Variance of the estimators

(True) Variance of the OLS Estimator

If $Var(u|x)=\sigma^2$ and the four conditions (we used to prove unbiasedness of the OLS estimator) are satisfied,

\[ \begin{align} Var(\widehat{\beta}_1) = \frac{\sigma^2}{\sumn (x_i-\bar{x})^2}=\frac{\sigma^2}{SST_x} \end{align} \]

(TRUE) Standard Error of the OLS Estimator

The standard error of the the OLS estimator is just a square root of the variance of the OLS estimator.

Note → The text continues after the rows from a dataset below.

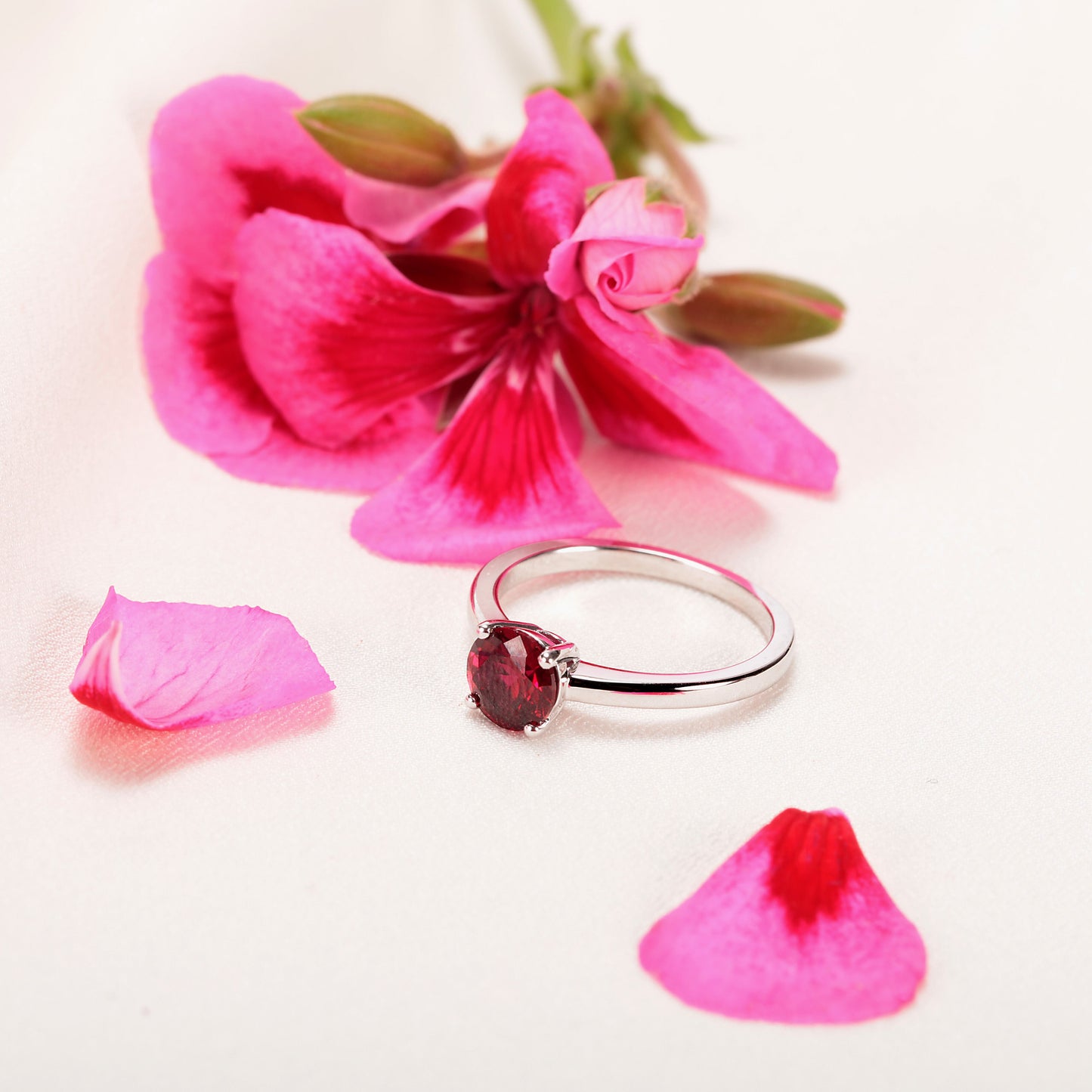 WOMEN'S LIVE DIAMOND RING LD15038020I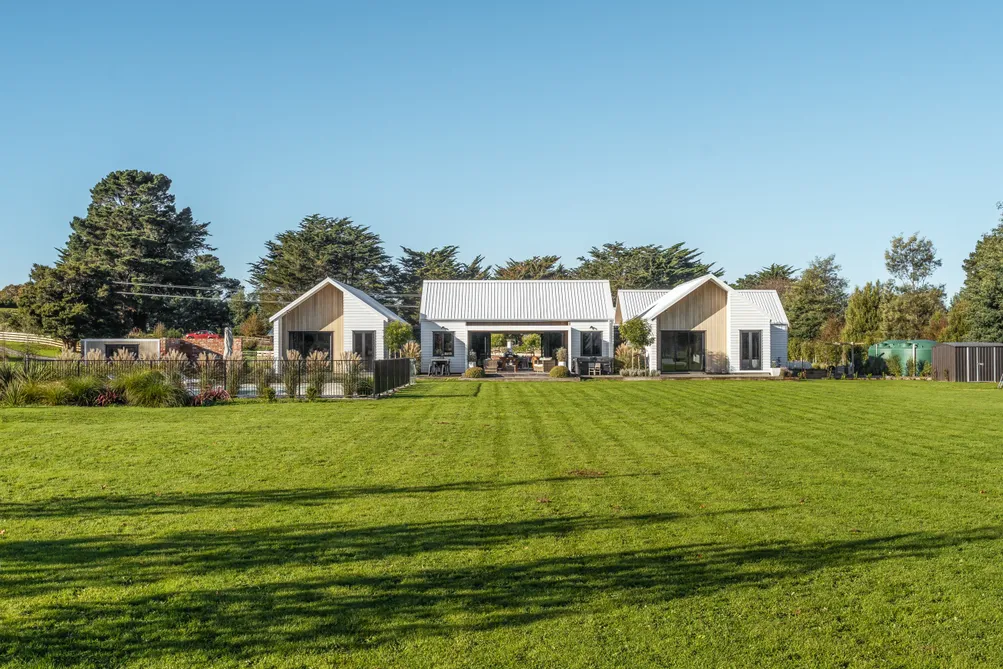 Unapparelled Lifestyle Living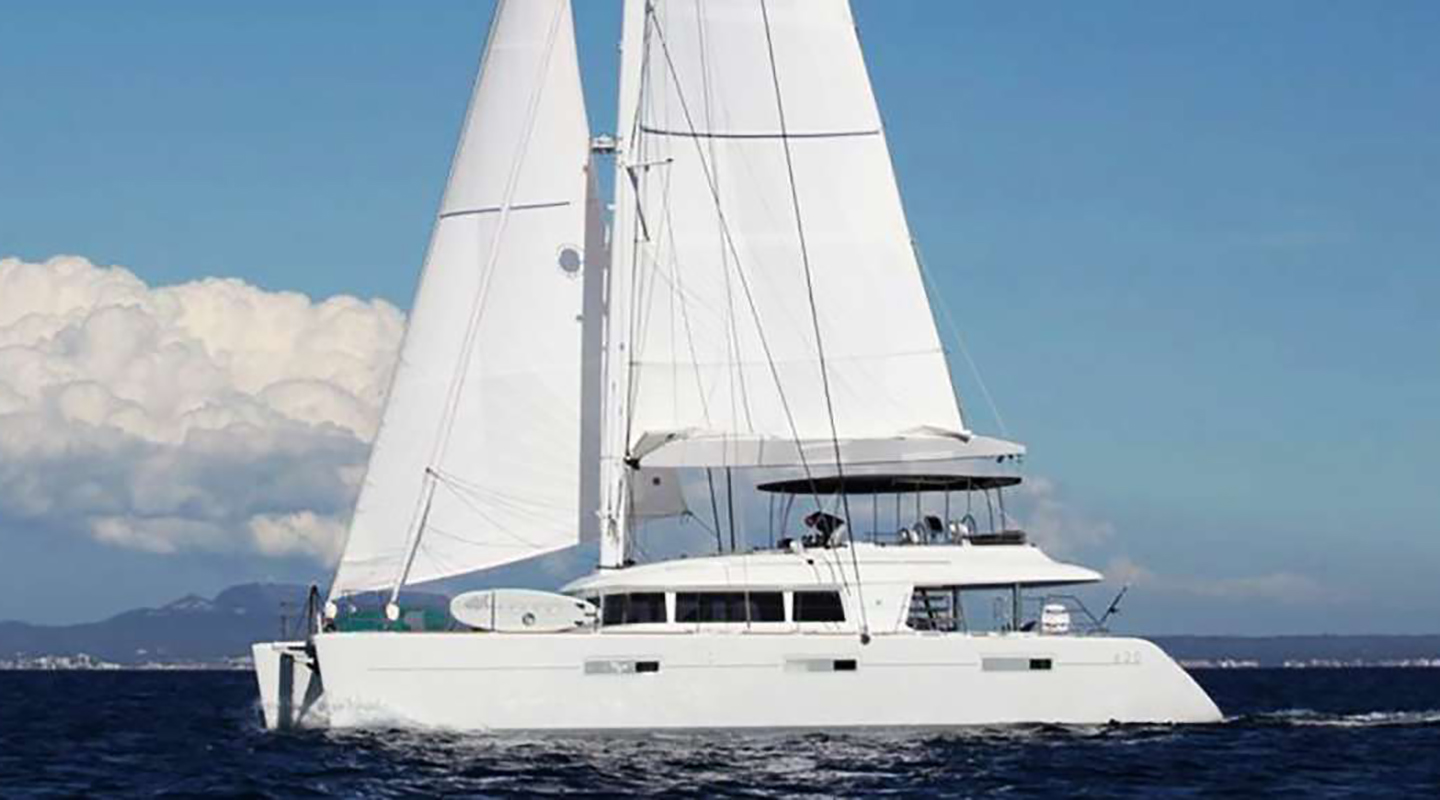 LADY M Sailing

We use $se(\widehat{\beta}_1)$ to denote it.

\[ \begin{aligned} se(\widehat{\beta}_1) = \sqrt{Var(\widehat{\beta}_1)} = \frac{\sigma}{\sqrt{SST_x}} \end{aligned} \]

Variance of the OLS estimators

\[Var(\widehat{\beta}_1|x) = \sigma^2/SST_x\]

What can you learn from this equation?

the variance of OLS estimators is smaller (larger) if the variance of error term is smaller (larger)
the greater (smaller) the variation in the covariate $x$, the smaller (larger) the variance of OLS estimators
- if you are running experiments, spread the value of $x$ as much as possible
- you will rarely have this luxury

Efficiency of OLS Estimators

Nature of error term
Visualization
House Price Example
Gauss-Markov Theorem
Notes

Homoskedasticity

The error $u$ has the same variance give any value of the covariate $x$ $(Var(u|x)=\sigma^2)$

Heterokedasticity

The variance of the error $u$ differs depending on the value of $x$ $(Var(u|x)=f(x))$

Gauss-Markov Theorem

Under conditions $SLR.1$ through $SLR.4$ and the homoskedasticity assumption ($SLR.5$), OLS estimators are the best linear unbiased estimators (BLUEs)

In other words,

No other unbiased linear estimators have smaller variance than the OLS estimators (desirable efficiency property of OLS)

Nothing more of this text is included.